To test this, four distinct HRD survey areas were established. The first covered an area of the rise just north of where the dogs had worked the last time they were out; this area included a small 10×10 meter space where our GPR work had recorded some interesting anomalies. The other three survey areas were placed elsewhere in the field, away from previous survey areas. To everyone’s excitement, K9s Pocket and Wick had almost no interest in any part of the field save for one: the rise where we suspected the cemetery had been. The dogs’ noses even led them back toward the sections where we had worked with the radar in November, strengthening our confidence in what we thought we saw in the data.

A map of the field showing K9 HRD survey areas (4/8/23). Areas 1 and 2 are the GPR survey areas. The rectangular rise in the field where most of the dog indications are clustered is clearly visible in this topographic projection.
A detailed view of the area surveyed by both the radar and the HRD dogs, including the secondary K9 HRD survey results from April 2023.

So what’s next? While both GPR and K9 HRD combine to recommend the rise in the field as the likely location of Worthington Cemetery, we don’t know how many burials it contains or what its original boundaries were. The recent HRD dog work produced several indications of human remains in a part of the rise that hasn’t yet been covered by radar survey, raising the possibility of future GPR fieldwork.

The only way to really confirm what we saw in the radar data is with some form of ground truthing; this could be something like soil coring or surface scraping to determine whether or not the GPR features we recorded are associated with soil color and textual differences below the plow zone characteristic of graves. Though they only intend to affect the already disturbed plow zone, these methods are more invasive and destructive.

 While ground truthing might help us to finally resolve our questions about Archibald Worthington’s cemetery, the team’s first and foremost concern is to proceed respectfully.

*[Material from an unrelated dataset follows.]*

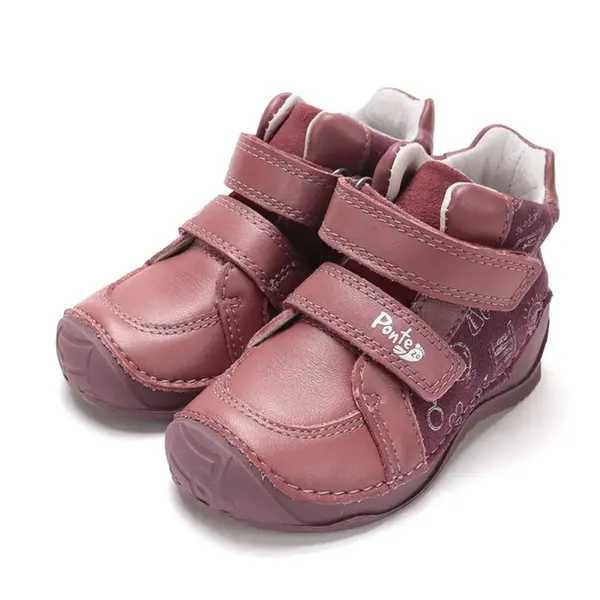 Ghete Ponte20 fete, piele naturala, supinatie 5 mm, sustinere calcai, culoare roz cu print_DA06-6-2507C-22_Pebebe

After all, this was a place where friends and loved ones, parents and children, were laid to rest. The goal of finding the Worthington cemetery is to honor them, and to commemorate the community they helped build in Northwestern Ohio. No work that would disturb their resting places should be done without the permission of their descendants. Our fieldwork will remain non-invasive, using remote sensing tools, until potential descendent stakeholders can be located and involved in future research plans.

Recovering roots, celebrating local heritage, and telling stories that don’t “fit” the bigger histories we learn in school — that’s what doing “archaeology in your hometown” is all about. As always, stay tuned for more updates on this research into Worthington and his cemetery — and look for a poster at the library! HUGE round of applause for everyone who came out to help with this fieldwork; we hope to see you all out there again!